> _TASK ITEM_: How many lines in the records below contain "Picture"? Reply with the number alone.

> _DATA FOR PROCESSING_:
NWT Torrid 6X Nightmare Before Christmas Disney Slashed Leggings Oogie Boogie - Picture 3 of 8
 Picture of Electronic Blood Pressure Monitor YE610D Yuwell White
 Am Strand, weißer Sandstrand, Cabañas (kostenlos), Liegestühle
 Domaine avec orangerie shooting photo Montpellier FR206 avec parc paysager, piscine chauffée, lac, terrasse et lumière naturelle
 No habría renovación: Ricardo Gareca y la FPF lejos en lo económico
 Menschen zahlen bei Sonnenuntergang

> _OUTPUT BELOW_: 2